Exercise goal: Copy exactly the lines of the data below that run from the line holding "芝麻菜植株和花果的手绘." through the line holding "Granddaddy Purple Auto", both ends included.

------ Task data ------

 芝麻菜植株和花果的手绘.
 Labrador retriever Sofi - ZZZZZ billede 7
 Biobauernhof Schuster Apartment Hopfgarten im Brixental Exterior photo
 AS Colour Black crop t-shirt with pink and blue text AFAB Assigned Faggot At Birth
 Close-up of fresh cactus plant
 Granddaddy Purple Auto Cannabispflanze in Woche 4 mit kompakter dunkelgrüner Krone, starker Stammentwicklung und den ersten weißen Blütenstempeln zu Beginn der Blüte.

------
------ Task data ------

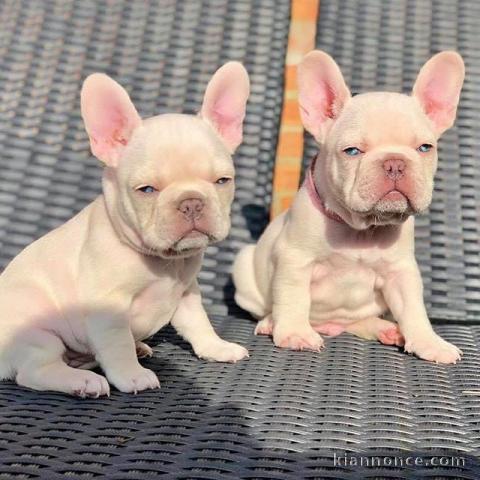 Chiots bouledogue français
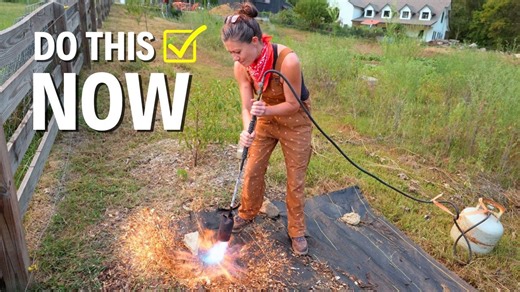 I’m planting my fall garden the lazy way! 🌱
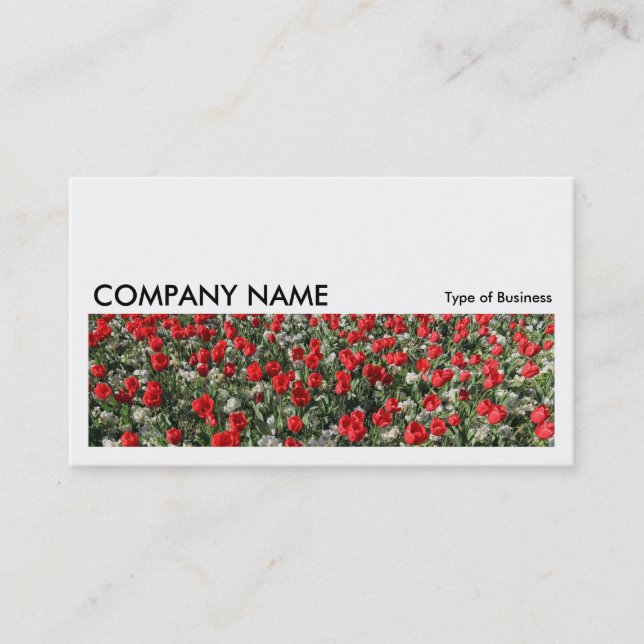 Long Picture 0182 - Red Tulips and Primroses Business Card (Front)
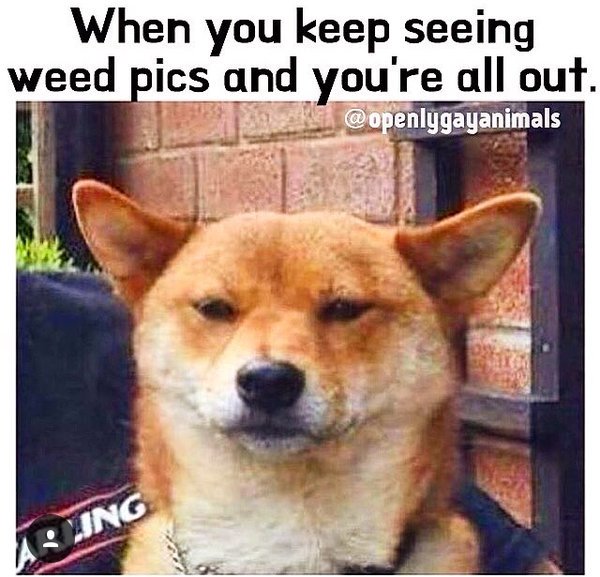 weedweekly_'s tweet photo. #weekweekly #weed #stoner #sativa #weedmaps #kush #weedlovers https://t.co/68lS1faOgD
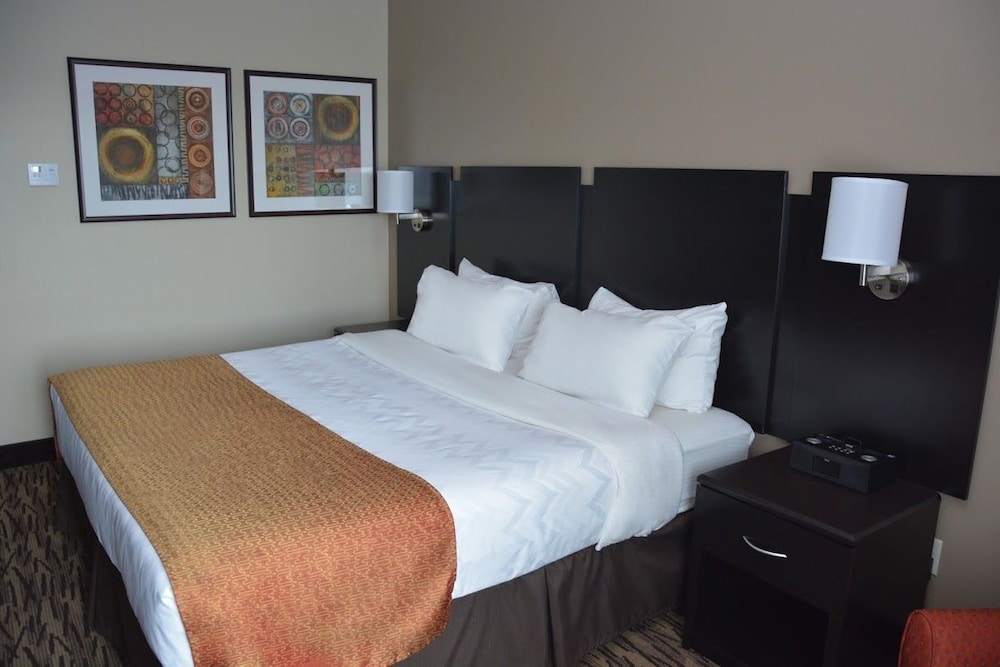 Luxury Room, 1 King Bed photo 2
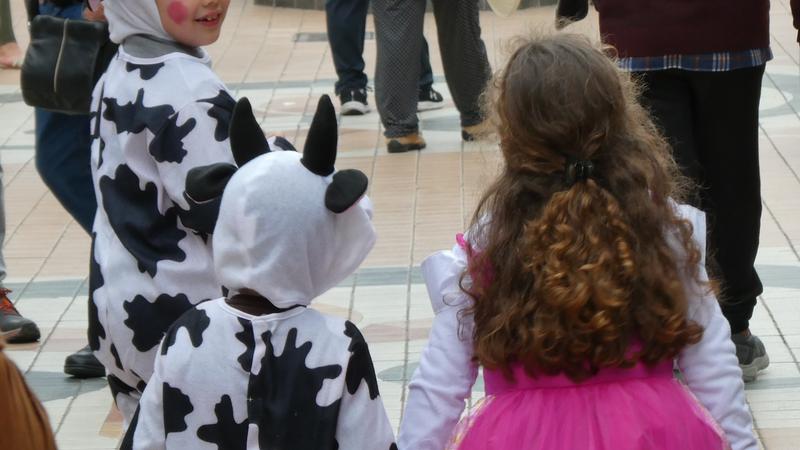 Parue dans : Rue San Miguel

------
------ Task data ------

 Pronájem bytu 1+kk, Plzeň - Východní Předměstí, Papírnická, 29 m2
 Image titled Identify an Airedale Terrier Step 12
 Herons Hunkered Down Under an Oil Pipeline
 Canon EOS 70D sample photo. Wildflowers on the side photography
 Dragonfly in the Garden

------

Solution to this task:
 芝麻菜植株和花果的手绘.
 Labrador retriever Sofi - ZZZZZ billede 7
 Biobauernhof Schuster Apartment Hopfgarten im Brixental Exterior photo
 AS Colour Black crop t-shirt with pink and blue text AFAB Assigned Faggot At Birth
 Close-up of fresh cactus plant
 Granddaddy Purple Auto Cannabispflanze in Woche 4 mit kompakter dunkelgrüner Krone, starker Stammentwicklung und den ersten weißen Blütenstempeln zu Beginn der Blüte.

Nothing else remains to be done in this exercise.